H.H.C. Bakker, B.I. Rapley, R. Elliott – Proceeds of ACOUSTICS 2011
In measuring the environmental noise level for such purposes as compliance monitoring and nuisance noise assessment, the most often used statistic is the A-weighted sound pressure level (SPL), often reported as a percent exceedance level (e.g. L10 or L90) averaged over a time interval such as 10 minutes or 24 hours. This statistic can not be relied upon in situations where noise has ‘special audible characteristics,’ such as modulation or tonality, since increases in the sound pressure level (SPL) of the loudest n% of sound will be ignored. Furthermore, the use of Aweighting underestimates the lower-frequency sounds, which have recently been shown to be perceived by humans through alternative mechanisms, therefore different measures are required.

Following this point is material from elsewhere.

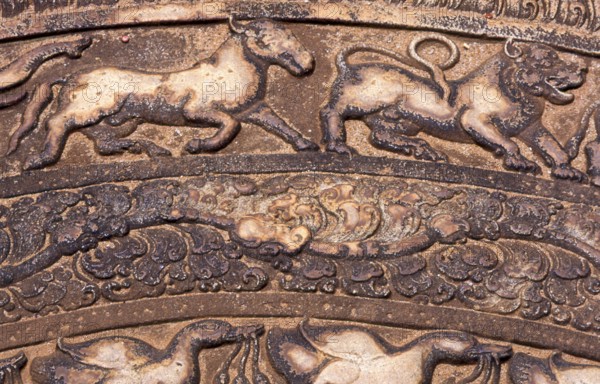 Sandakada pahana is an elaborately carved semi-circular stone slab, usually placed at the bottom of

The analysis of large amounts of data for compliance monitoring can be a time-consuming process. Errors can occur due to inappropriate analysis methods or flawed understanding of the noise under investigation. This paper reports on: (1) some of the current issues with using the A-weighting and exceedance statistics as measures of loudness; (2) the development of several alternative measures to analyse environmental sounds from various sources that exhibit ‘special audible characteristics’ (including wind farms and impulsive noise); (3) the requirements of automated, standardised methods of data reporting, analysis and assessment for large and complex data sets and (4) the development of a new sound measurement tool that implements the proposed analysis techniques while extending the acoustic spectrum down to less than 1 Hz: the Spectro-Acoustic Meter (SAM).